決算発表の続いている米国では半導体関連企業の好決算がみられます。たとえば、 半導体チップ製造の世界4位(インテル、サムスン、東芝の順)、テキサス・インストゥルメンツ社が44%増益でアナリスト予想を上回り、その前に発表されたインテルも予想を超える増収増益でした。

好調な背景は2つあります。1つはアップルのiPad、iPhone、その他各社が攻勢をかけているスマートフォンといったハイテク電化製品のブームがあり、いずれも半導体部品が多数組み込まれていることです。もう1つの要因は、FRBの量的緩和第2弾とともに打ち出された、オバマ減税法案にあるとみています。この 72 兆円にも上る減税法案のなかで2011年度の、設備投資に対する一括償却を容認する、という重要な法案がありました。

元来、米国企業の多くは日本と同様に設備投資する機会が薄れ、社内には行き場を失った潤沢な現金が余剰として積み上がってきました。そこへこの特別な法案によって一気に余剰資金が設備投資へ向かう事になるのです。前述の半導体最大手のインテルを始め、設備投資を大きく増す企業が最近話題となってきています。 これらはとてつもなく米国経済を底支えすることでしょう。経済は完全には立ち直っていなのに米国の株価が好調な要因の1つも、ここにあるのだと思います。 ■大手半導体チップメーカーの設備投資額 http://mailsrc.gladv.co.jp/ggr/vsea_1.png

さて、半導体市場は独特の好不況のサイクルがあるものですが、2009年の低迷期を完全に脱し、昨年は31.5%増、そして現在も大変良い状況です。前回半導体チップ市場の拡大は2002年~2008年前半まで続きました。そして、上記のURLにあるように、世界の主な半導体メーカーは2010年から2011年にかけて生産増加にむけ、設備投資を大幅に増加させていく見通しです。サムスンは半導体以外の事業も含めてなので、全てが当てはまる訳ではありませんが、あとの2社は専業メーカーです。

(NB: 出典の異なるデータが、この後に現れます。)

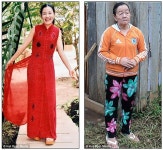 베트남 20대女‘저주 걸린 공주’처럼 70대로 한순간에… - 조선일보 > 국제 > 국제 일반 베트남 20대女‘저주 걸린 공주’처럼 70대로...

香港市場にも多くの半導体関連企業が上場しています。先日、先思行(00595)というサムソンやフェアチャイルドの半導体の代理販売を行っている企業に訪問したところ、やはり業績は好調な様子でした。ちなみに、同社はサムソンに3Dテレビの3Dグラスを提供しているACCUPIX(韓国市場上場:56730)に投資をして19%の株式を持っていたり、高光度のLEDを製造するwave square(未上場)といった企業に投資をしていたりと、半導体以外にもなかなか面白味のある企業でした。その他にも香港市場には、ASM太平洋(00522)、華潤微電子(00597)、中芯国際(00981)、 上海先進半導体(03355)といった半導体関連銘柄があります。